## Directions for this task:
Your answer must be an exact copy of the entries, containing no images.

[Extracted records]
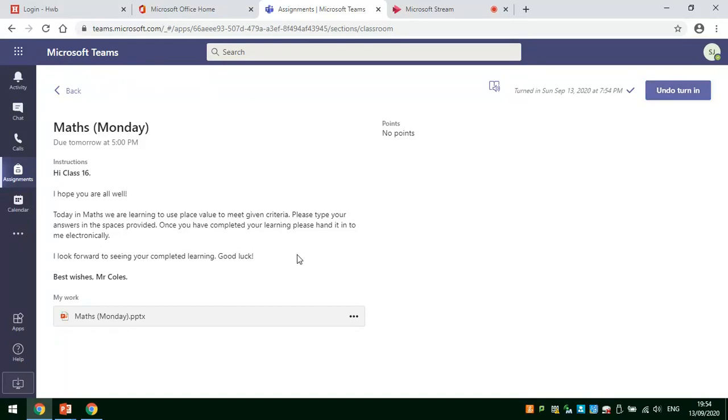Keep an eye out in this section because your teacher will then respond with some questions for you and some feedback. Good luck, Gay Primary School.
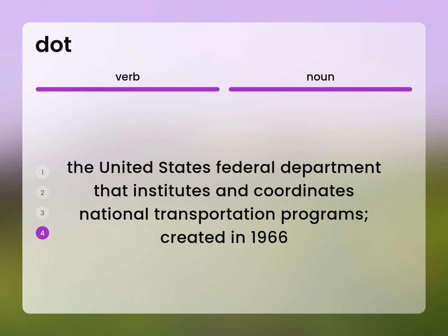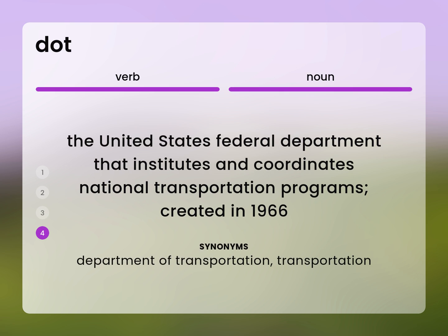The United States Federal Department that institutes and coordinates national transportation programs, created in 1966. Department of Transportation. The United States Federal Department of Transportation.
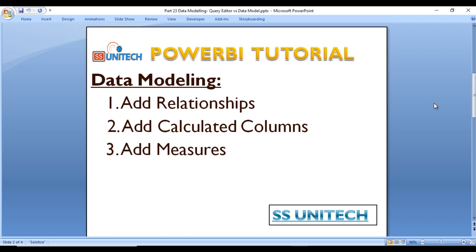After that, we will also create measures inside the data modeling. So these are the main features in the data model and we will see them one by one in the upcoming videos.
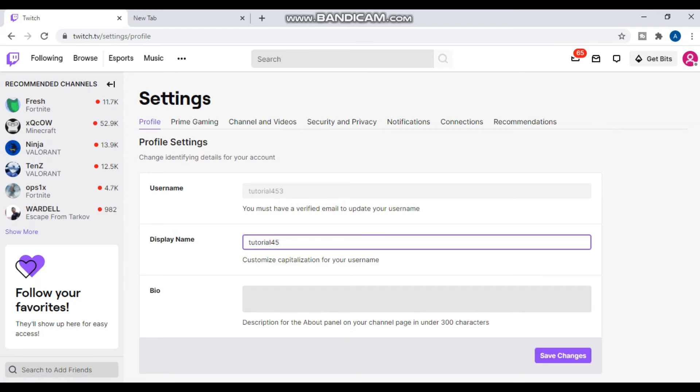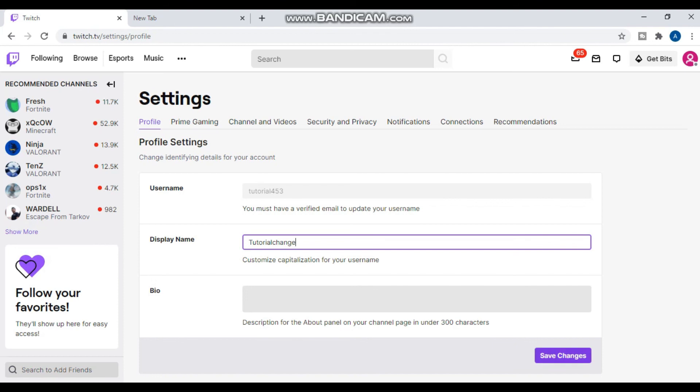Another way, you can change your display name from here. You can write any name like 'tutorialchange' and click on save changes. Once you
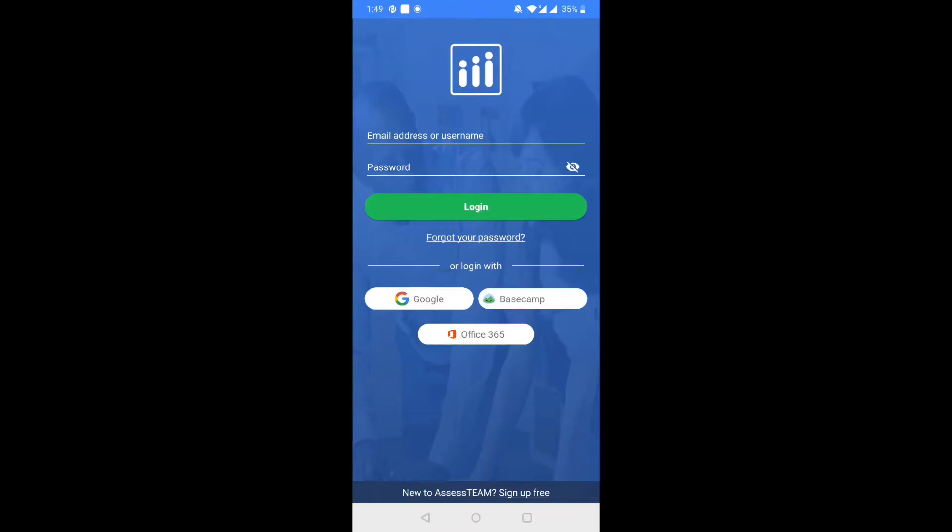The Android and iPhone app make it easy for employees to complete scheduled evaluations or leave real-time feedback for their peers, subordinates, supervisors, and themselves.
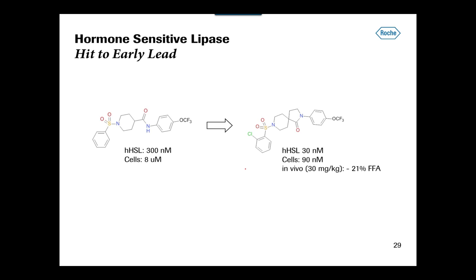Diversity is also the topic of my next example. This is a project in the metabolic area — we were working for a while on a lipase called hormone-sensitive lipase. The idea was to reduce the level of circulating triglycerides. We ran an HTS campaign and it yielded some of the first non-covalent, non-irreversible inhibitors of that lipase. Medicinal chemistry took the prototype structure and turned it into an early lead with a spiral structure that even showed some first activity in vivo. So it looked like a good basis for further optimization.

## Result of this exercise:
Keep an eye out in this section because your teacher will then respond with some questions for you and some feedback. Good luck, Gay Primary School.
The United States Federal Department that institutes and coordinates national transportation programs, created in 1966. Department of Transportation. The United States Federal Department of Transportation.
After that, we will also create measures inside the data modeling. So these are the main features in the data model and we will see them one by one in the upcoming videos.
Another way, you can change your display name from here. You can write any name like 'tutorialchange' and click on save changes. Once you
The Android and iPhone app make it easy for employees to complete scheduled evaluations or leave real-time feedback for their peers, subordinates, supervisors, and themselves.
Diversity is also the topic of my next example. This is a project in the metabolic area — we were working for a while on a lipase called hormone-sensitive lipase. The idea was to reduce the level of circulating triglycerides. We ran an HTS campaign and it yielded some of the first non-covalent, non-irreversible inhibitors of that lipase. Medicinal chemistry took the prototype structure and turned it into an early lead with a spiral structure that even showed some first activity in vivo. So it looked like a good basis for further optimization.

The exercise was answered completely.